Dr. Laura H. C Robinson
Society for Dance Research, PoP MOVES
Lecturer in Dance on the BA (Hons) Dance: Urban Practice degree. Research specialisms include Popular Dance, Dance on Screen, Masculinities, Spectacle and Reality Television.
Dr. Laura Robinson is a Lecturer in Dance at the University of East London. She currently teaches arts/event management, employability and cultural policy on the BA (Hons) Dance: Urban Practice, as well as supporting students in their Dissertations.
Her PhD research focused on the construction and performance
of spectacle in male Street dance crew performances on U.K.
television. Research specialisms include Popular Dance, Dance on Screen,
Masculinities, Spectacle and Reality Television.
Robinson, L (2014). The Dance Factor: Hip Hop, spectacle and reality television
in Blanco-Borelli, M (ed) The Oxford
Handbook of Dance on the Popular Screen.
Robinson, L (2013). Keeping the Faith: Issues of identity, spectacle and embodiment in Northern Soul in Dodds, S and Cook, S.C
(eds) Bodies of sound: studies across popular music and dance, Burlington, VT: Ashgate.
Robinson, L (2012). Some Like it Hip Hop: Gender play and performance. Society for Dance Research Newsletter. Society for Dance research.
Future publications include a book chapter in the forthcoming Oxford Handbook of Dance and Competition.
Alongside her academic career, Laura was the National Development Manager for the Exercise Movement and Dance Partnership, the National Governing Body of Dance Fitness, and worked with Independence as the Dare2Dance Project Manager.
Laura is the membership secretary for the Society of Dance
Research and interim chair of PoP MOVES, an international research group
studying performances of the popular.
Despite the burgeoning popularity of male street dance crew performances within U.K. televised talent show competitions, as well as the steady growth of international Hip Hop dance scholarship, commercial street dance practices tend to be ignored by academia due to the diminished value of these mediated performances and their deemed inauthenticity in comparison with other vernacular practice. Current literature on televised dance competitions considers the notion of spectacle (McMains, 2006; Weisbrod, 2011, 2014), but there is a continued focus on the solo dance performer, and it not does attend to spectacle as both a visual aesthetic and as a condition of a commodified society.
This thesis satisfies such absence in research by critically investigating the constructed and performance of spectacle within male street dance crew performances on U.K television talent show competitions. It interrogates the nature and manifestation of spectacle in relation to the dancing body within a televised commercial competitive format, and considers how might these dancing bodies be made visible by their situation within the omnipotent media spectacle of the television talent show. Finally, it questions what are the stakes in situating the body as a spectacular image, and do these bodies hold any agency within their reduction to spectacle?

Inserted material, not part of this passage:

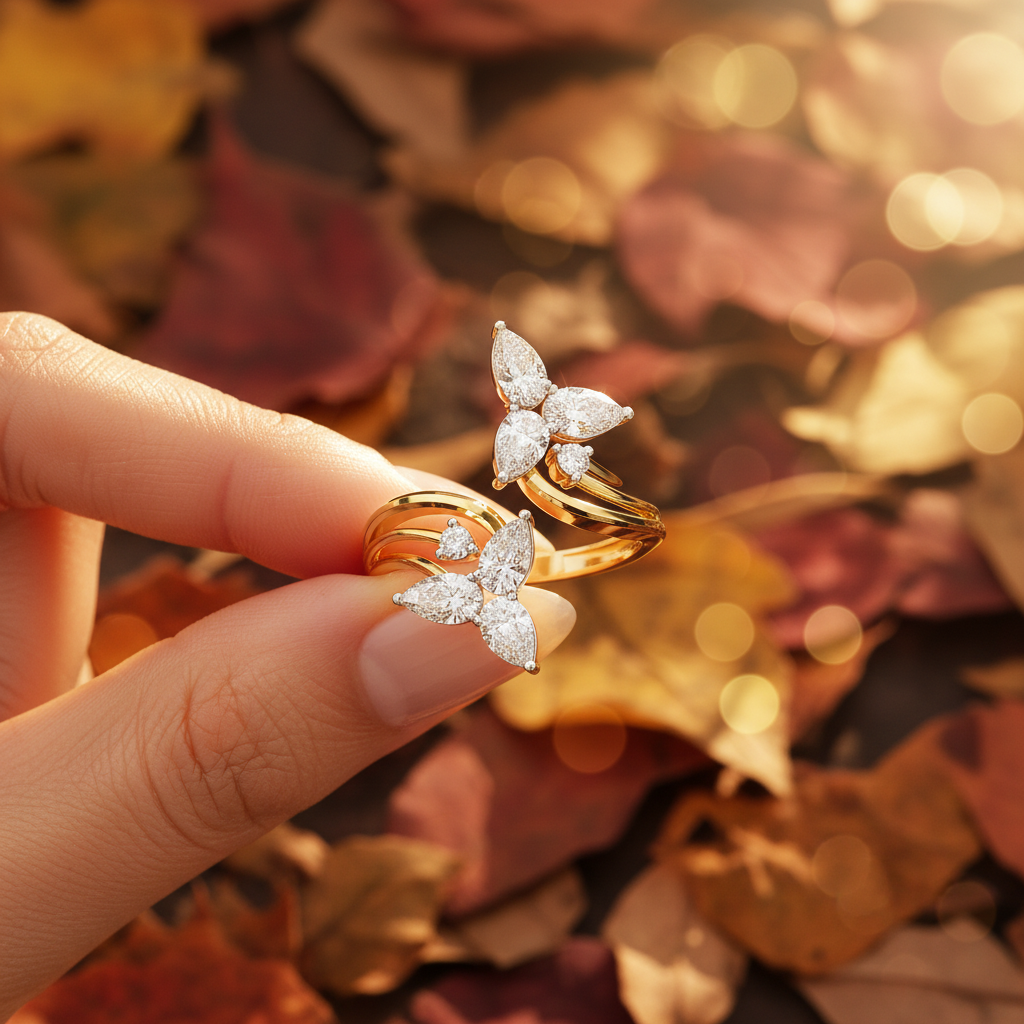 Elegance Pear Cut Moissanite Diamond Open Shank Wedding Ring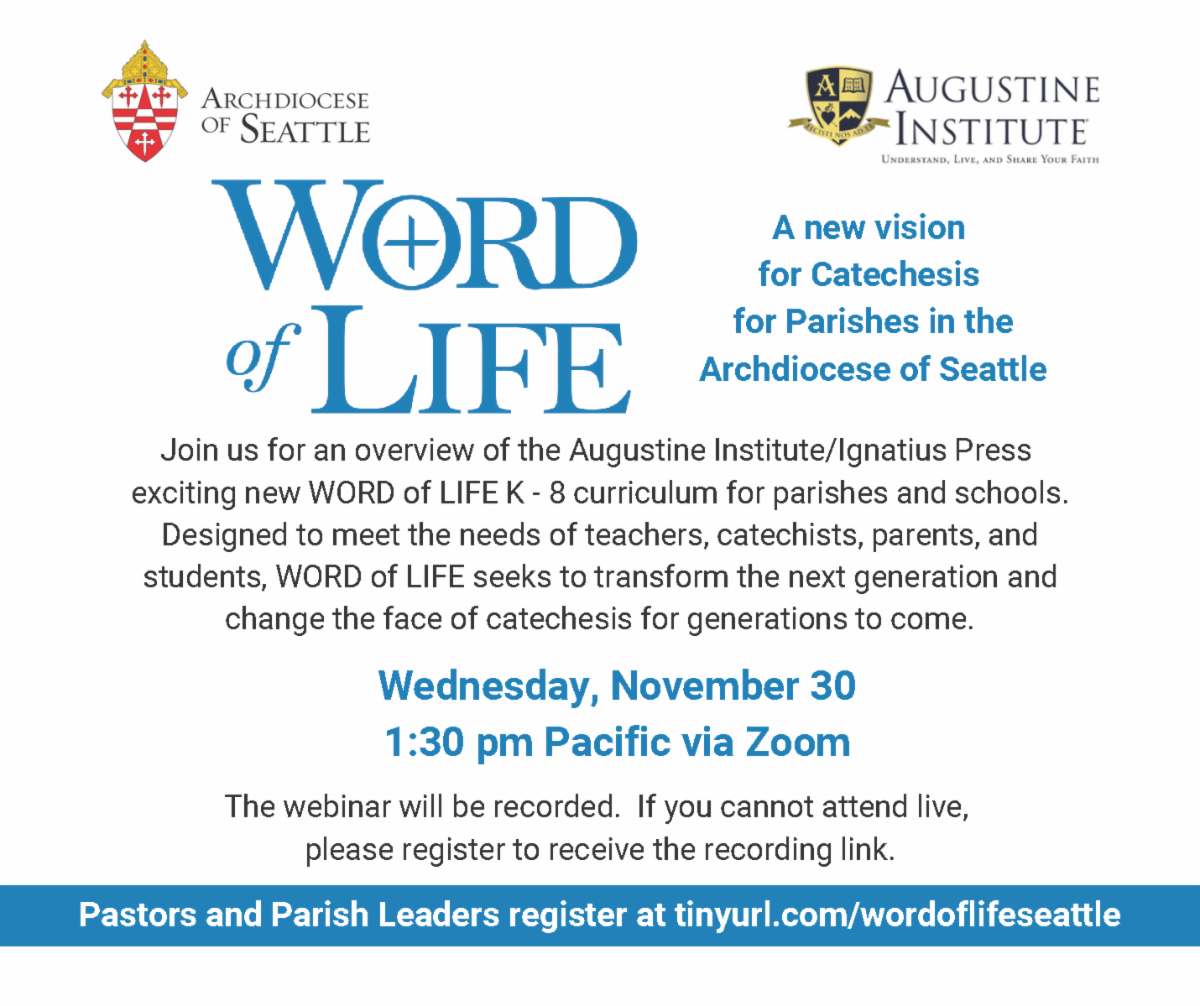 Word Of Life Curriculum Augustine Institute Word of Life Curriculum Webinar Opportunity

This thesis necessarily undertakes an interdisciplinary approach. Drawing upon Dodd’s (2001) observations of the triadic relationship between body, camera and post-production edit, and Lansdale’s (2008) intertextual approach for analysing the dancing body within a postmodern society, this thesis conducts a textual analysis of dance on television, examining 59 street dance crew performances between 2008- 2013 featured within Britain’s Got Talent (2007-current) and Got To Dance (2010- current). Through a critique of theoretical perspectives evolved from Marxism and Visual Theory, as well as concepts that have shaped the fields of Dance, Television and Film studies, this thesis explores the construction of spectacle through an exploration of identity construction, choreographic structure and content, and the relationship between technology and the body; key concepts that arise from an early analysis of the research field.
Analysis reveals that crews perform ‘the surplus’; the transgression of corporeal boundaries through the virtuosic ability of the Street Dance body and the further amplification of the body through techniques of cinematic excess. Specifically, this is achieved through performances of the larger-than-life character, the cinematic special effect and the technologically enhanced cyborg. By performing the surplus, however, the television talent show frames crews as commodities, reducing them to fetishised images through the erasure of their histories, labour systems, and the displacement of the human. Dancers have a voice within the media spectacle, however, and negate their reduction to glossy image through continued emphasis on themes of brotherhood, labour, and human emotion. Despite the surpassing of the body through performances of the surplus, it is the fleshy humanity of the dancer that registers these performances as spectacular. While not a main finding of my thesis, this conclusion raise a warning to Dance Studies’ continued poststructuralist approach of referring to the ‘body’, and firmly positions the human experience, or the humanity of the body, within the televised talent show spectacle.